Miscellaneous

An Ordered Response Model of Test Cricket Performance - summary

This research paper puts an economic model to use in analysing the results of test match cricket

Professor Robert Brooks, Professor Robert Faff, David Sokulsky
17-Feb-2000
Executive Summary
This research paper puts an economic model to use in analysing the results of test match cricket. Three aspects of test cricket are considered: firstly predicting the outcomes of test match cricket, secondly identifying what style of cricket each nation played, and thirdly determining who had a legitimate claim to the title of world champion. All data used for this analysis was taken from the `CricInfo' web-site, and incorporated test matches between the nine test playing nations over the period 1994 to 1999.
The application of the model used could be considered successful as it correctly predicted 71 percent of test match outcomes. Separating out this aggregate figure reveals that 81 percent of test match losses were correctly predicted, compared with 75 percent of wins, and 57 percent of the draws.
By analysing the results on a country-by-country basis the model was most efficient in correctly predicted the outcomes for Zimbabwe (84 percent of the time), and Australia (82 percent of the time) India had the lowest level of correct predictions with the model only predicting their result in 55 percent of matches.
Another interesting issue is that Pakistan had the highest tendency to be involved in `unpredictable' matches or matches not correctly predicted by the model. Sri Lanka on the other hand had the highest tendency to be involved in predictable matches.
Four input measures were used in the analysis; batting performance (runs per wicket), bowling performance (opposition runs per wicket), batting strike rate (runs per wicket), and bowling strike rate (opposition runs per wicket). By analysing the test match results with respect to these inputs it is possible to identify five cricketing `styles' that the nine test playing nations could be classified into:
1. Batting and Bowling Performance- Pakistan, West Indies, and Zimbabwe;
2. Batting Performance- England, New Zealand, and India;
3. Bowling Performance- Australia;
4. Bowling Performance/ Batting Strike Rate- South Africa;
5. Bowling Performance/ Bowling Strike Rate- Sri Lanka.
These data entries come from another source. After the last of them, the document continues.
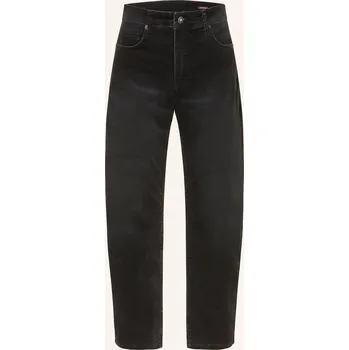 Dámské džíny Mac Dámské Straight Džíny Danni Ze Sametu, tmavě šedá, 42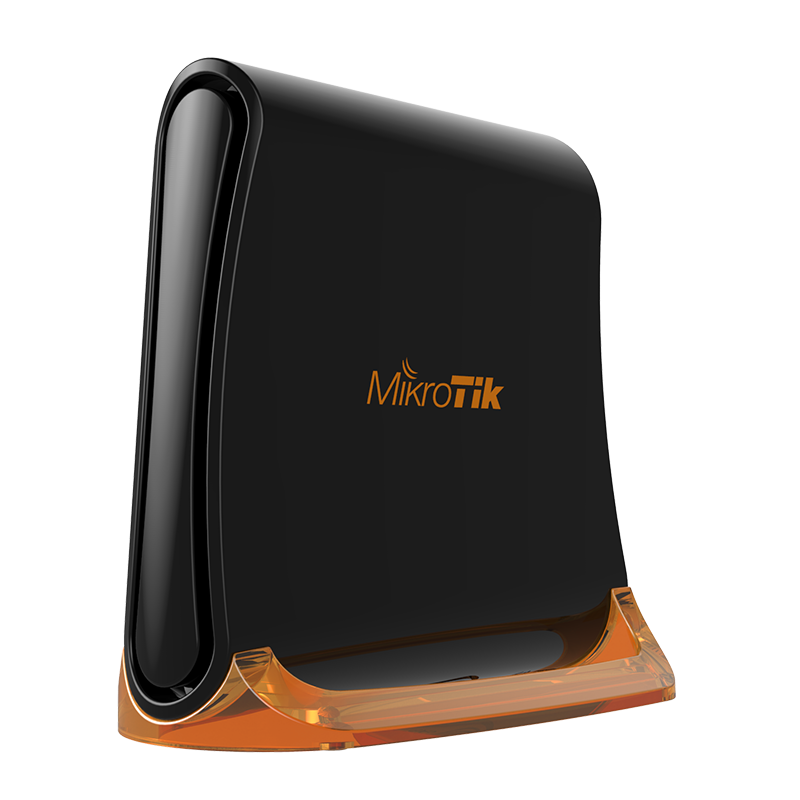 MikroTik RB931-2nD (hAP mini) 2 4GHz Mini ROS wireless router for home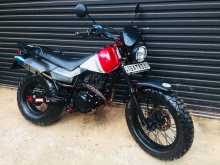 Yamaha Tw200 2014 Motorbike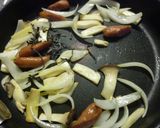 ウインナーとホウレン草・卵の塩昆布炒め作り方6写真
The final aspect the paper looks at is determining who has a legitimate claim to the title of world champions. Two methods are used; firstly using the probability of winning and losing, and secondly using a `heavyweight clash' type analysis. If the team with the highest probability of winning, or the lowest probability of losing over the test period were deemed the champion then South Africa would have the title, followed by Australia second. South Africa has a 49 percent probability of winning and a 9 percent probability of losing compared to Australia's 41 percent and 11 percent respectively.
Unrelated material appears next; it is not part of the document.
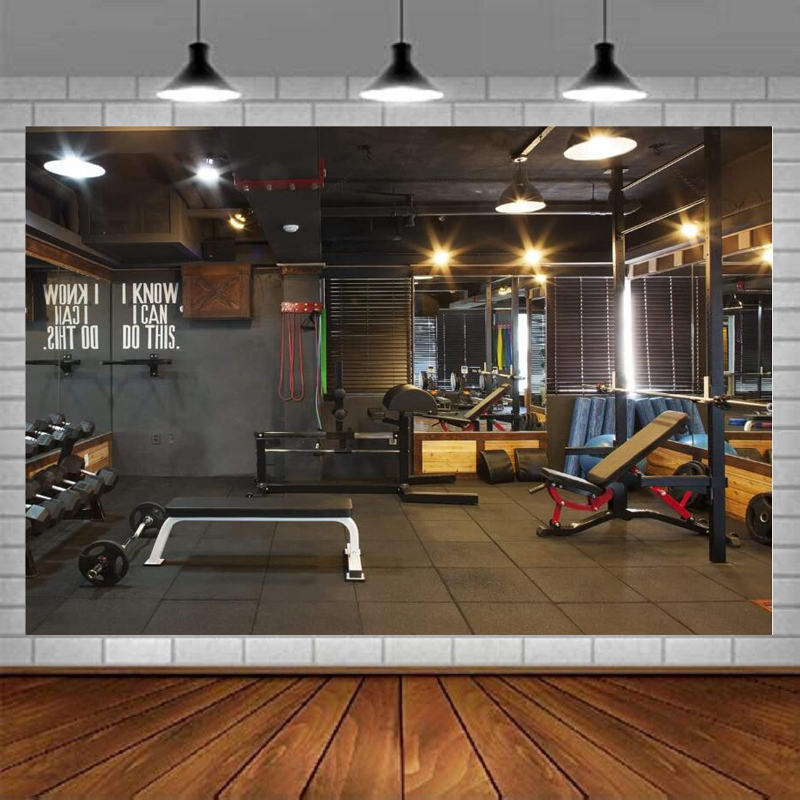 Home Gym Video - Latar Belakang Fotografi Gym Dekorasi Pesta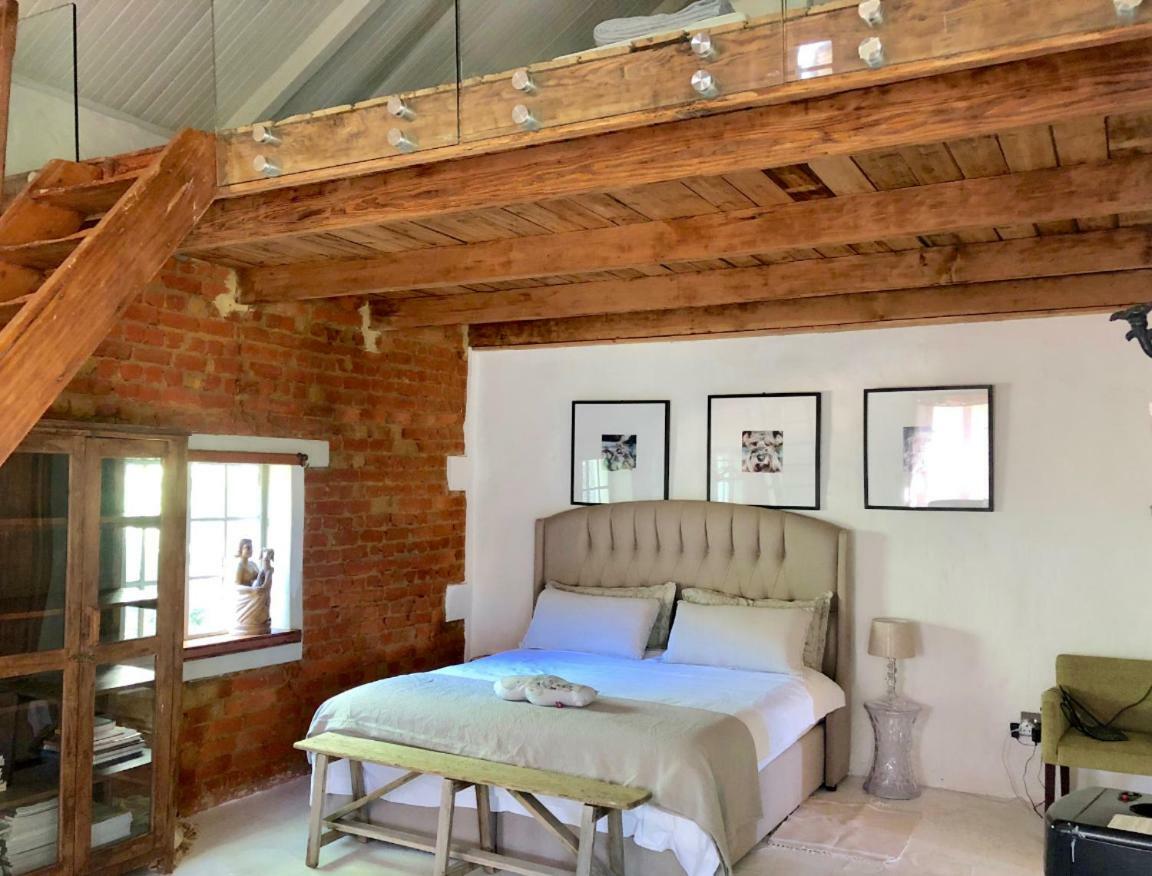 Designer Farm Cottage On Farm 弗朗斯胡克 外观 照片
Using a `heavyweight clash' situation between the top two cricket nations, South Africa and Australia is somewhat different. During the test period the two nations played two series, Australia winning 2-1 in South Africa in 1996/97, and Australia winning 1-0 in Australia in 1997/98. In these six tests Australia's probability of winning was 74 percent, while South Africa only had a 5 percent probability of winning. By using this method the above result is reversed and Australia would be crowned as the champions.
This paper uncovered some interesting results and is an encouraging first paper. Outcomes suggest there is scope for implementing more complete model specifications and improving on the results that this simple model achieved. The paper highlights the benefit of applying detailed economic models in the analysis of cricket results at test, and potentially one-day level.